▸ TASK DETAILS
Within the entries below, the lines from the one with "Impactante choque entre" through the one with "704 Perry Ave — Photo 2" are to be set down exactly, both ends kept.

________________

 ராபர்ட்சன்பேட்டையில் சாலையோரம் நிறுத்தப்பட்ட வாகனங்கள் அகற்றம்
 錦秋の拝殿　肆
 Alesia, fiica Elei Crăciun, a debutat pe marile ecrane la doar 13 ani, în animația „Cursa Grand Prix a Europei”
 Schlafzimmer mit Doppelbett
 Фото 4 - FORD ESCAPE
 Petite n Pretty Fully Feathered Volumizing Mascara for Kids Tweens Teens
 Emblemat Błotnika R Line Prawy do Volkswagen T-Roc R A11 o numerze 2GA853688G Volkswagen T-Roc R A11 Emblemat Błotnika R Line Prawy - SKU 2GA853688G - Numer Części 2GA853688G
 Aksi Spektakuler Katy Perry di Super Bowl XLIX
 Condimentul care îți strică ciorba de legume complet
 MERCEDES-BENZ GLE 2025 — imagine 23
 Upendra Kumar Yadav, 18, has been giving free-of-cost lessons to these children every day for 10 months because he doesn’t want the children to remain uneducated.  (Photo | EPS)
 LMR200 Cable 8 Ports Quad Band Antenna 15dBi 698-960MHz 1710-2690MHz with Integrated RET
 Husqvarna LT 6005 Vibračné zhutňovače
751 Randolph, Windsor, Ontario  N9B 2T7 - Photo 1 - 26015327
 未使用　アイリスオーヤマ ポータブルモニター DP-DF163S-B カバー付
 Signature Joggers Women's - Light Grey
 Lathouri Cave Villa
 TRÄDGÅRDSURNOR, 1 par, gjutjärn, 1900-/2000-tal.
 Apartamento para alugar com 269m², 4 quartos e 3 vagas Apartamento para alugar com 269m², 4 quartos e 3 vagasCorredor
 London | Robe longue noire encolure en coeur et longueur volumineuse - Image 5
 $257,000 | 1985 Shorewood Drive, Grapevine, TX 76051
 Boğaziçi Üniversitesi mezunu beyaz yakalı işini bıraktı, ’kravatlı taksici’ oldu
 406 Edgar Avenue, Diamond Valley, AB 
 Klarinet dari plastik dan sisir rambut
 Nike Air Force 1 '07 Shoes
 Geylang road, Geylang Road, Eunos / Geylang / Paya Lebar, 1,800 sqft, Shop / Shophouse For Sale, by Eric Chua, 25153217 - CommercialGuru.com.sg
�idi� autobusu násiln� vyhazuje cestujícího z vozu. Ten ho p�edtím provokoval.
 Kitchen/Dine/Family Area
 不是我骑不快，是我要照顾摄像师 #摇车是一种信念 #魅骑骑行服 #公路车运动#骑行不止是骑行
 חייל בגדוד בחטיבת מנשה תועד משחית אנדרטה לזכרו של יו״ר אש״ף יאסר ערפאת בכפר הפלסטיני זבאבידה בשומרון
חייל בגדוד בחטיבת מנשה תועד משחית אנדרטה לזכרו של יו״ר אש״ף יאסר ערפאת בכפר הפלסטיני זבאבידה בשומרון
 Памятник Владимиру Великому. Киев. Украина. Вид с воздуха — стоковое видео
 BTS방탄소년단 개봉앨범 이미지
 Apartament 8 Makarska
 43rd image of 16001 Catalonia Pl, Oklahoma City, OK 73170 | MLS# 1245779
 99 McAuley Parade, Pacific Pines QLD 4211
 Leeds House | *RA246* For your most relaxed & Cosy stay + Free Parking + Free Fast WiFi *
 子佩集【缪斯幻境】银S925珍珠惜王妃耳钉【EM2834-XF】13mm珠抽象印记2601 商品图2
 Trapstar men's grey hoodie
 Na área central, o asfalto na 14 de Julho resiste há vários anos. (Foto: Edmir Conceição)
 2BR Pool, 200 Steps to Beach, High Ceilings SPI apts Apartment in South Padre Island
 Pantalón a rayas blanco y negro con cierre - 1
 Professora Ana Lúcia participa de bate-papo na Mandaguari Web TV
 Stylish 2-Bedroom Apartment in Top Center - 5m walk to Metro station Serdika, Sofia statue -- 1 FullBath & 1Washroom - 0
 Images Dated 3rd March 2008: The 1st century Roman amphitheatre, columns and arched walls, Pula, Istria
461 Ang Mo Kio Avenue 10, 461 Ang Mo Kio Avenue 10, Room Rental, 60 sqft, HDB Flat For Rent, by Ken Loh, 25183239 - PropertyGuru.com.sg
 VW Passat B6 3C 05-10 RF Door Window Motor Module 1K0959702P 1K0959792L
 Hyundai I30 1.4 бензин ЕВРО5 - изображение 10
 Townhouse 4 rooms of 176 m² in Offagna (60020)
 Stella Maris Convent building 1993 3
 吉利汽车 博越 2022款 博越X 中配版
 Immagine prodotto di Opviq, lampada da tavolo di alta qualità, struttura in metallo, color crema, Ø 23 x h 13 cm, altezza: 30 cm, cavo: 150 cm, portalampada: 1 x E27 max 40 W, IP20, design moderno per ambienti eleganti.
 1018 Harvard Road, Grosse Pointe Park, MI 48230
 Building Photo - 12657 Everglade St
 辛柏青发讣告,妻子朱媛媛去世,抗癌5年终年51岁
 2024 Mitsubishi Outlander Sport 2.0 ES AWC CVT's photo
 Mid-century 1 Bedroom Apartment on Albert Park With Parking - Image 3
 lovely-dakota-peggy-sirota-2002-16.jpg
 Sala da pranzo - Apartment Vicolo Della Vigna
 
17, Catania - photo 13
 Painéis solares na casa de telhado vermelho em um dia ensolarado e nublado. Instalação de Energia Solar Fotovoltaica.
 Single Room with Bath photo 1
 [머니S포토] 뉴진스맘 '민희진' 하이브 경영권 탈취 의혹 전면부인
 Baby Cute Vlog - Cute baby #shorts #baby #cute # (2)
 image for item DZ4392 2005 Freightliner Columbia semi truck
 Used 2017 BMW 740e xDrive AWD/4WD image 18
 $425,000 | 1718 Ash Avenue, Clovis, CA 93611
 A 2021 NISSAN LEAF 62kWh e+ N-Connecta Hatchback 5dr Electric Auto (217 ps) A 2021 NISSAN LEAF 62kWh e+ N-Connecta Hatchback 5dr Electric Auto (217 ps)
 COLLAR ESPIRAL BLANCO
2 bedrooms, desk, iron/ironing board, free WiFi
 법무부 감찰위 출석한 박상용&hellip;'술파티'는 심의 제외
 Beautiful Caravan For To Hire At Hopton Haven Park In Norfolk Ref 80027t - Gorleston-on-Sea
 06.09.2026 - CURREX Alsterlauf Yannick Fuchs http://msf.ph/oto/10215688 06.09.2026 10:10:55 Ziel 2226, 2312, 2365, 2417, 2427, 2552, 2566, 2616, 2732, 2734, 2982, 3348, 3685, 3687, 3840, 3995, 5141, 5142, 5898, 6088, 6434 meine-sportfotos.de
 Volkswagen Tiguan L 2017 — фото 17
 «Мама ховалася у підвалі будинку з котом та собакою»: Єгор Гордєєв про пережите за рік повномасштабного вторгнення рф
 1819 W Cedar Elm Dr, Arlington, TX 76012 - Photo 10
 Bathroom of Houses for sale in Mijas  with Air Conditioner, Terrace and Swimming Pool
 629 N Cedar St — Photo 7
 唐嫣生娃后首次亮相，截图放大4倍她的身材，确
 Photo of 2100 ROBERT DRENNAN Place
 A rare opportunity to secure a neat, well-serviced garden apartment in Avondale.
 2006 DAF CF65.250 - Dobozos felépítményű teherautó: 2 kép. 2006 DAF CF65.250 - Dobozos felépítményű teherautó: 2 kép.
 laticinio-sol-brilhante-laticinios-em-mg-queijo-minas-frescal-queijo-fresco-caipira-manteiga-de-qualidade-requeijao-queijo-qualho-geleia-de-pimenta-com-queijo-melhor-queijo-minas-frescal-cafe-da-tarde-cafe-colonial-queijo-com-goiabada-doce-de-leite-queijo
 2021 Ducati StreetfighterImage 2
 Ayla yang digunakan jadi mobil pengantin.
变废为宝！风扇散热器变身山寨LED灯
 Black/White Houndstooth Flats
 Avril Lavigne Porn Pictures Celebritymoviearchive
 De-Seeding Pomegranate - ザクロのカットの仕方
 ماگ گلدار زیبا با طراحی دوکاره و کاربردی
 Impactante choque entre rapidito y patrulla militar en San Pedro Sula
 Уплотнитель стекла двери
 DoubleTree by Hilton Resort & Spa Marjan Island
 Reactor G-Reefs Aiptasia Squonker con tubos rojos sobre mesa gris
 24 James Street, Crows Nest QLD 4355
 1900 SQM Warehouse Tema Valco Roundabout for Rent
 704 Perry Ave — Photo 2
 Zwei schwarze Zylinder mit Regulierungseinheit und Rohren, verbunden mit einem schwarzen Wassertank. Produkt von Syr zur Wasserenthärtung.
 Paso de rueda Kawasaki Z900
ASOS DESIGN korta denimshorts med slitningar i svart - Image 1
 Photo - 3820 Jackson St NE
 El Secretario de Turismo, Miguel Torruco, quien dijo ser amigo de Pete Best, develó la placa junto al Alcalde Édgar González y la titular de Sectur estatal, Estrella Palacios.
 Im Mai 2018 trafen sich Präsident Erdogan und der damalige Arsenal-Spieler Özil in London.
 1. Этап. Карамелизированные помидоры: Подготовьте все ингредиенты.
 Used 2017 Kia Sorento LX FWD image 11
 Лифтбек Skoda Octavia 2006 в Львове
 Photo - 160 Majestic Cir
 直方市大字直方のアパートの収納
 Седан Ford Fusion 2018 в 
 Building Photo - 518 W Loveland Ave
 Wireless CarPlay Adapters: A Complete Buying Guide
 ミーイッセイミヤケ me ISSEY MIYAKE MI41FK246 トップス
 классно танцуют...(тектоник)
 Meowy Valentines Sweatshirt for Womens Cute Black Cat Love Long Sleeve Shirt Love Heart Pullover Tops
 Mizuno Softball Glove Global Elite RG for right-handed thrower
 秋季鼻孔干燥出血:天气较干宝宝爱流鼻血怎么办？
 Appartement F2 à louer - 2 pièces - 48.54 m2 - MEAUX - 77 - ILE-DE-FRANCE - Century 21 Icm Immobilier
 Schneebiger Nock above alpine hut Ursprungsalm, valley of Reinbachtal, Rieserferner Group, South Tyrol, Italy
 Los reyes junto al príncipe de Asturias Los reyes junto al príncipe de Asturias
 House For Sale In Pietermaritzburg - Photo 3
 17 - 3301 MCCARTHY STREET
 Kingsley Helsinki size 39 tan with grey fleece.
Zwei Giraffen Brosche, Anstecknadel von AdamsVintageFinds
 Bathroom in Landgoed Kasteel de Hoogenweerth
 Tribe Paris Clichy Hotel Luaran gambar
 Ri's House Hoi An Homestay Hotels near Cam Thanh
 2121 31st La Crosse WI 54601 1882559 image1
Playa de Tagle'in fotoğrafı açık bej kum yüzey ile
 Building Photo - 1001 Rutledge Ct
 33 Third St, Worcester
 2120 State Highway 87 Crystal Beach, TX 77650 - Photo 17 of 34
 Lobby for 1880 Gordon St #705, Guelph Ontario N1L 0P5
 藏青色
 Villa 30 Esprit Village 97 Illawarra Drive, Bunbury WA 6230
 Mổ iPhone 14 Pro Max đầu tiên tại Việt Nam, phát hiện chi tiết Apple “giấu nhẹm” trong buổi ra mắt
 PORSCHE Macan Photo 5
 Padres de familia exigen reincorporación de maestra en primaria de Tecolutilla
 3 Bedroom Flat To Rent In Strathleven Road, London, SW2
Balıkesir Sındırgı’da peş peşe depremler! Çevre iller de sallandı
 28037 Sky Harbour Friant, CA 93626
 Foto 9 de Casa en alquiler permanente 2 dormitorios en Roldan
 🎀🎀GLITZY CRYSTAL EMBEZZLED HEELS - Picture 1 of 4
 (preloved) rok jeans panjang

________________

▸ SOLUTION TO THIS PROBLEM
 Impactante choque entre rapidito y patrulla militar en San Pedro Sula
 Уплотнитель стекла двери
 DoubleTree by Hilton Resort & Spa Marjan Island
 Reactor G-Reefs Aiptasia Squonker con tubos rojos sobre mesa gris
 24 James Street, Crows Nest QLD 4355
 1900 SQM Warehouse Tema Valco Roundabout for Rent
 704 Perry Ave — Photo 2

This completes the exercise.